Los nuevos artistas o la democratización del ridículo
La foto apareció en la sección de espectáculos de este Diario, no hace mucho, aquí en Barquisimeto. Pero pudo aparecer igual en cualquier periódico en Japón, Brasil, Australia, Polonia o Vietnam. Tres sujetos, con lentes oscuros, en pose de “mírame-mami-que-rico-estoy”, torsos descubiertos, anuncian el lanzamiento de su más reciente producción musical. El nombre del grupo no importa. Puede ser cualquiera. La patética gráfica, además de generar en mi una instantánea repulsión estomacal, me lanzó al despeñadero de una inquietud sobre los nuevos artistas de hoy, el talento, la fama, y sobre productos con empaques llamativos, pero vacíos por dentro.

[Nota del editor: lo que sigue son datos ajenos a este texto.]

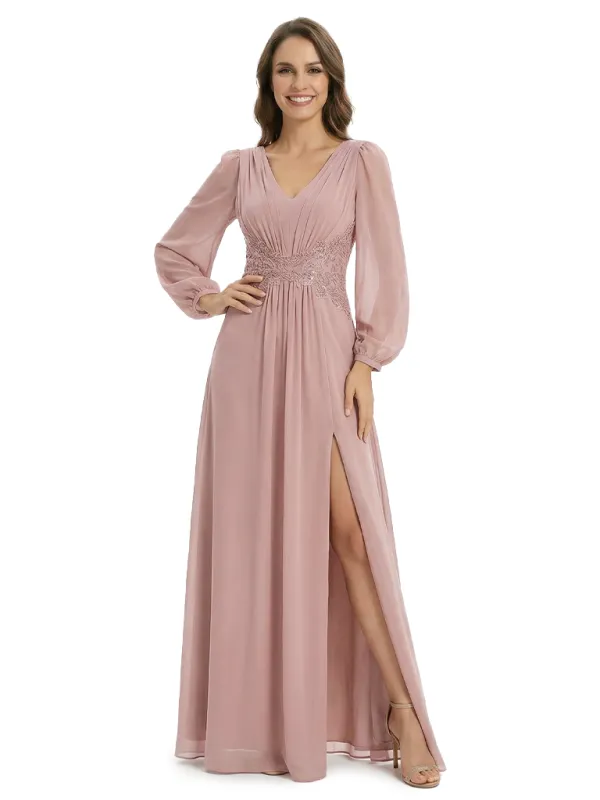 Classy V-Neck Mother of the Groom Dress Long Sleeve Chiffon Maxi Gown With Slit sold by ChicSew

Entre los rasgos de la época que vivimos, dialécticamente globalizada, destaca la conformación de espacios cada vez mayores y más accesibles de comunicación, que trastocaron ya nociones como territorio, frontera, espacio, tiempo, público, privado, aquí o allá, ahora o inmediatamente.
La realidad, o nuestra idea de realidad, se vive cada vez más desde la Internet. Y las nuevas tecnologías privilegian, justamente, una comunicación y un intercambio de contenidos crecientemente lúdico, ocioso, sin mayores ambiciones que las de ejercer alguna forma de anonimato, en mayor o menor grado, para acercarnos a los demás vía Chat, blogs, mensajes de texto, correos electrónicos, afinidad musical en mp3 o fotografías digitales.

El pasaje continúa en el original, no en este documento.